The present invention is based on the above findings, and thus, by addition of 7 to 13% Cr together with 2 to 5% Al, electric resistance, magnetic properties such as magnetic response, coercive force, and magnetic flux density are improved without significant increase of tensile strength. In addition, cold forgeability is improved by controlling an amount of C+N to be not higher than 0.015%, Si to be 0.20% or lower, and Mn to be 0.20% or lower.
Further, Ti is added in an amount of not higher than 0.08% to improve the cold forgeability and corrosion resistance, whereas machinability is improved without affecting the cold forgeability by adding at least one ingredient selected from 0.050% or lower S, 0.050% or lower Se, and 0.30% or lower Pb, together with 0.20% or lower Zr and/or 0.030% or lower Te.
Thus, the present invention relates to a soft magnetic steel which possesses characteristics essential to the aforesaid core materials, which are an electric resistance of 90 μΩ•cm or higher, excellent magnetic properties such as a coercive force of 0.7 Oe or lower, magnetic flux density of 13000 G or higher, and magnetic response with relaxation time of 0.7 msec or shorter, together with improved cold forgeability with a tensile strength of 44 KgF/mm2 or lower, critical compressibility of 60% or higher and with increased corrosion resistance and machinability.

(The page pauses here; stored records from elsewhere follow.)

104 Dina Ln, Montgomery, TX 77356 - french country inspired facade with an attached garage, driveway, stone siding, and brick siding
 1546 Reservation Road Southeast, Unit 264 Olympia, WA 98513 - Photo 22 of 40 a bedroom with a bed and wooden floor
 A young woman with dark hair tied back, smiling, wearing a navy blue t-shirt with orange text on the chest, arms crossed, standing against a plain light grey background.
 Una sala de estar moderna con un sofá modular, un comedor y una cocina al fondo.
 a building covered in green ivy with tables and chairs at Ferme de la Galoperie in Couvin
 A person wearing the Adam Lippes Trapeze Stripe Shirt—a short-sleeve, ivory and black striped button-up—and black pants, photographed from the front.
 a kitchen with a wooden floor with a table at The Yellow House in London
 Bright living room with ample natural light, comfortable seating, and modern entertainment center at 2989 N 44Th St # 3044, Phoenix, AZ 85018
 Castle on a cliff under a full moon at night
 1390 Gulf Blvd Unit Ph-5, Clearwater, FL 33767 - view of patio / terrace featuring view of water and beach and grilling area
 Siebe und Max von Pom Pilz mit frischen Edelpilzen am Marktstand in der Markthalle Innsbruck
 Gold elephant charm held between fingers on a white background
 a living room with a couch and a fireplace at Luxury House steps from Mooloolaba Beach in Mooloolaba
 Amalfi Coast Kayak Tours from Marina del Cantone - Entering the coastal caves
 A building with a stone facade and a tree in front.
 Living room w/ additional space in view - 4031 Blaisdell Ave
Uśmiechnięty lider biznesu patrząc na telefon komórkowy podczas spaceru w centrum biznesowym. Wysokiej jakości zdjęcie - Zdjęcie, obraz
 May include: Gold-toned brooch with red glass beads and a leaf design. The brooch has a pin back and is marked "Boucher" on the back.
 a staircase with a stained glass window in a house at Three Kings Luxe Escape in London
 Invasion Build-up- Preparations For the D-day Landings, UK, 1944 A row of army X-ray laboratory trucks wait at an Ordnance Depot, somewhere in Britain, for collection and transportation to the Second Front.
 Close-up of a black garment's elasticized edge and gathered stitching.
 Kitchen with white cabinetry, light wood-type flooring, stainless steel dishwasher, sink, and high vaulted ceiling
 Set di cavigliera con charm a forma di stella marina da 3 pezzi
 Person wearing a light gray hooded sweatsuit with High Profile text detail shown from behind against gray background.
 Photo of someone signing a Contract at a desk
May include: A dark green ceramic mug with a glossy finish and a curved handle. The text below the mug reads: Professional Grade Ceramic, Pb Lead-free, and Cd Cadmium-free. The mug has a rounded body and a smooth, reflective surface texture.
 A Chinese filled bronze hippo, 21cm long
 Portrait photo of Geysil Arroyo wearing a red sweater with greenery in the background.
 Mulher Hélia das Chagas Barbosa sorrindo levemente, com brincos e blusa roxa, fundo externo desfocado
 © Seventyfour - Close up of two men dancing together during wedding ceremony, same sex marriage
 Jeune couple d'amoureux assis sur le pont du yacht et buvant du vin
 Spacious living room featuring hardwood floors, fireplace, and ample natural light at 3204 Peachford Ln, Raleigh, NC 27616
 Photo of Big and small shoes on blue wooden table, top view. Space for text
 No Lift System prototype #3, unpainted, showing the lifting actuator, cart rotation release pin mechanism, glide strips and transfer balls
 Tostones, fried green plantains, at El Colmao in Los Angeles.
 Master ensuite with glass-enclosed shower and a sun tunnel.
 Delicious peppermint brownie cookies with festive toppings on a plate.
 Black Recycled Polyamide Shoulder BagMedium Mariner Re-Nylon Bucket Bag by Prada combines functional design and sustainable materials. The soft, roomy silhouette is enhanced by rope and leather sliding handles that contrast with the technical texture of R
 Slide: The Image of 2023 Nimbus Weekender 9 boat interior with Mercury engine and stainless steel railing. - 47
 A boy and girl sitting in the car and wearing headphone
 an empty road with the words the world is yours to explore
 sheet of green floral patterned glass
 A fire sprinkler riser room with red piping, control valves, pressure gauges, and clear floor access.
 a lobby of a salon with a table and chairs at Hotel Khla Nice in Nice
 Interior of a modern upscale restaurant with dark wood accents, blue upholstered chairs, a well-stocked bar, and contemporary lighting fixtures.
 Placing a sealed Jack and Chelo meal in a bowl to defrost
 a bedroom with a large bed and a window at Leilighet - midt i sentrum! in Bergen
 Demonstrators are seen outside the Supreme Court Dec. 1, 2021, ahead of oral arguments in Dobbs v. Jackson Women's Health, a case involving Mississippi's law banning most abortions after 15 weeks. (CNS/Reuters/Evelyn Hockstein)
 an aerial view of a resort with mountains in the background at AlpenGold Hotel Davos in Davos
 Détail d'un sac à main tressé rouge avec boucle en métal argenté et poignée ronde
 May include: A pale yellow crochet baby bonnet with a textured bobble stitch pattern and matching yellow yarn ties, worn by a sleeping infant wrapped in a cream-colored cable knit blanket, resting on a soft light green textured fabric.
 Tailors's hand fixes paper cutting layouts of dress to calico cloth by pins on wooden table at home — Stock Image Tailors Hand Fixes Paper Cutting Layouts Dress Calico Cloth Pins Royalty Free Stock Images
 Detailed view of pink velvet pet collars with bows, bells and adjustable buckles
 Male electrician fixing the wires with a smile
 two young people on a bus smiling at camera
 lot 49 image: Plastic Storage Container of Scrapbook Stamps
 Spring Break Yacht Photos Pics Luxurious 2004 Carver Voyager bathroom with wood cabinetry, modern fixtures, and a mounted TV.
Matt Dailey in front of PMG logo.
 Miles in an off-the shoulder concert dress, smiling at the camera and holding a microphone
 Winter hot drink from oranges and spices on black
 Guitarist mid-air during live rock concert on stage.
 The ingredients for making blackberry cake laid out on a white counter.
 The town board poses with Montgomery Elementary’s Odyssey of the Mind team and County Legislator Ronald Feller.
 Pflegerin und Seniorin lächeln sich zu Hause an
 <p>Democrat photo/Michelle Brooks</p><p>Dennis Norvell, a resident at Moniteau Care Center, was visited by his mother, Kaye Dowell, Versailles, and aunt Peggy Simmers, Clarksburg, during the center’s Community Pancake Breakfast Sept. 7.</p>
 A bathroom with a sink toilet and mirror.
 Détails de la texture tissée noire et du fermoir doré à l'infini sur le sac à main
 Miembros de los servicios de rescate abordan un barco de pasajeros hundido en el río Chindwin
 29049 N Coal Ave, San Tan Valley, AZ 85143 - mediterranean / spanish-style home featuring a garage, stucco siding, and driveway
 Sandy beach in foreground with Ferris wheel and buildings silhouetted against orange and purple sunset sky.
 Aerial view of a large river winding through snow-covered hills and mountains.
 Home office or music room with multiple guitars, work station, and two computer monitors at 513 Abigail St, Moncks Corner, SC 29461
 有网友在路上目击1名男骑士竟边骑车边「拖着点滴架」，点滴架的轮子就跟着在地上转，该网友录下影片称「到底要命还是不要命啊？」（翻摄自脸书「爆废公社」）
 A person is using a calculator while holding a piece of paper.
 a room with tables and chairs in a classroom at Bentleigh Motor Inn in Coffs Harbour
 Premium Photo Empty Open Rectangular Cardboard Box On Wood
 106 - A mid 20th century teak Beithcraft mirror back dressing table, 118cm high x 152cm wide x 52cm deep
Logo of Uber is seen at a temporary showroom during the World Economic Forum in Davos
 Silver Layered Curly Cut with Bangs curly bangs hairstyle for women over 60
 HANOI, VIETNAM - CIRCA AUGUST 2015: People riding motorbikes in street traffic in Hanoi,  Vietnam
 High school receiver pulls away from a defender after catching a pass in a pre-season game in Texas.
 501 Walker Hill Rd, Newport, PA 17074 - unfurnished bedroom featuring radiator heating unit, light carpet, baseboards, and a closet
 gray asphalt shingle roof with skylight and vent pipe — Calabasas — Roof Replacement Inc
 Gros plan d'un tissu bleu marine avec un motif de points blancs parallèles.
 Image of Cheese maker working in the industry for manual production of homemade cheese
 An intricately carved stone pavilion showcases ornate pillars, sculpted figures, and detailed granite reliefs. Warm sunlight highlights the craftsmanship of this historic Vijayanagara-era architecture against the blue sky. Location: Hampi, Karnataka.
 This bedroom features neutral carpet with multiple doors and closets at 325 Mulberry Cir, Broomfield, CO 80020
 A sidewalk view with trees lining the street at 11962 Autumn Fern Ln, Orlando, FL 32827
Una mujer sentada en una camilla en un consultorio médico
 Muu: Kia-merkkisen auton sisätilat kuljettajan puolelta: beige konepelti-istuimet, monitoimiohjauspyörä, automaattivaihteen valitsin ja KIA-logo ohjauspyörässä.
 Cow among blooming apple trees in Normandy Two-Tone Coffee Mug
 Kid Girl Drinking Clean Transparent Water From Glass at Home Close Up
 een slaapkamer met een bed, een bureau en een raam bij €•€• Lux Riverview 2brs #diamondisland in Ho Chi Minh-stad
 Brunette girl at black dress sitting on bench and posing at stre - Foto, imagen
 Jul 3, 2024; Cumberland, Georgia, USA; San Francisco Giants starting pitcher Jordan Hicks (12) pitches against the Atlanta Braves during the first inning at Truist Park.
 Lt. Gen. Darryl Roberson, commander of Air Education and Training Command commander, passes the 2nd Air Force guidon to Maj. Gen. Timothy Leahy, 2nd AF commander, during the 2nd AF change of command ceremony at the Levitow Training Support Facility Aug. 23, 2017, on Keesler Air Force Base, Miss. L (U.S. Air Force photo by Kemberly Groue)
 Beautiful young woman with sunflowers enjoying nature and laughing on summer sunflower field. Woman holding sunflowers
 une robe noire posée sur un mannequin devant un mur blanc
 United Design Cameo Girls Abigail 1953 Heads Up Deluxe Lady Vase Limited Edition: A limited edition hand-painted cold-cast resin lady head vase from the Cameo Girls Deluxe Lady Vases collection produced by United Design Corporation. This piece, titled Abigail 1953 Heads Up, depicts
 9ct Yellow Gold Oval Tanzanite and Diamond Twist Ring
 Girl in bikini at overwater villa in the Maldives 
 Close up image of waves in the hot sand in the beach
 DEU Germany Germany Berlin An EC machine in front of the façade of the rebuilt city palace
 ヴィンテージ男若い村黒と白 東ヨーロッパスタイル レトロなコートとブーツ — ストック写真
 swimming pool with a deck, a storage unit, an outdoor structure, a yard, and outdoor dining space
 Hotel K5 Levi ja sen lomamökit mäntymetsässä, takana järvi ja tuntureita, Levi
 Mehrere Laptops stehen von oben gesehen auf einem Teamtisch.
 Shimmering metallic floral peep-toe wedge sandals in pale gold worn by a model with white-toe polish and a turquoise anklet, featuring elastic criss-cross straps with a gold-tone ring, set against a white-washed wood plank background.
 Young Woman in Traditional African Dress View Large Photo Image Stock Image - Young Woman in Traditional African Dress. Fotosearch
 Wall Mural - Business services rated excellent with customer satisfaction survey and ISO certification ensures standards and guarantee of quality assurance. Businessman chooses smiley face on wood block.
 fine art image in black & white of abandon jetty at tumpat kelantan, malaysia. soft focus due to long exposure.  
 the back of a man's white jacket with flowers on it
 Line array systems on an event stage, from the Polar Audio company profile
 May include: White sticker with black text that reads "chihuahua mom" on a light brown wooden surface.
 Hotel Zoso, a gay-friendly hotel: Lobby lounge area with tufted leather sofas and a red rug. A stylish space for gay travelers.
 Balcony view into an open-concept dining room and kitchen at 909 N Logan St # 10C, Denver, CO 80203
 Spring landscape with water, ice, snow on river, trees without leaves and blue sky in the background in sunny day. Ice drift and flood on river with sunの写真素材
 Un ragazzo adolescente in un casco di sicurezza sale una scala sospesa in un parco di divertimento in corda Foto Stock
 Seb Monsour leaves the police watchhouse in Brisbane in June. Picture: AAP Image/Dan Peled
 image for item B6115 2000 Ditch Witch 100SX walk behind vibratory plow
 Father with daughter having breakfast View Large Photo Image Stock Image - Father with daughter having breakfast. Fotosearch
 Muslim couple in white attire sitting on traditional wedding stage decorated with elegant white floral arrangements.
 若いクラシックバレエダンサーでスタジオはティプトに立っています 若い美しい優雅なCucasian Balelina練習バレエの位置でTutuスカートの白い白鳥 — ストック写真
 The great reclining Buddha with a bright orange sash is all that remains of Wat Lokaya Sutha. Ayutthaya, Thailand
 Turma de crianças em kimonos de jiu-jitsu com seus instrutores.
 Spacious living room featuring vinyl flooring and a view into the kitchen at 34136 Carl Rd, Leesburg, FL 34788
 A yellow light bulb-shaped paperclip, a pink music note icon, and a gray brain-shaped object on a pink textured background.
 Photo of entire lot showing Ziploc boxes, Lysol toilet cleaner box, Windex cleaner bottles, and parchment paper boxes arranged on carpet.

That is, the first invention consists by weight of 0.015% or lower C+N, 0.20% or lower Si, 0.20% or lower Mn, 7 to 13% Cr, 2 to 5% Al, and Fe with impurities; the second invention is further improved in magnetic properties, corrosion resistance, and cold forgeability by adding 0.08% or lower Ti to the alloy steel of the first invention; the third invention is further improved in machinability without affecting the cold forgeability of the first invention, by adding at least one ingredient selected from 0.050% or lower S, 0.050% or lower Se, and 0.30% or lower Pb, together with 0.20% or lower Zr and/or 0.030% or lower Te to the alloy steel of the first invention; and the fourth invention is improved in machinability without affecting the cold forgeability of the second invention by adding at least one of of ingredient selected from 0.050% or lower S, 0.050% or lower Se, and 0.30% or lower Pb, together with 0.20% or lower Zr and/or 0.030% or lower Te to the alloy steel of the second invention.
The reason for limiting chemical compositions is explained in detail as set forth below.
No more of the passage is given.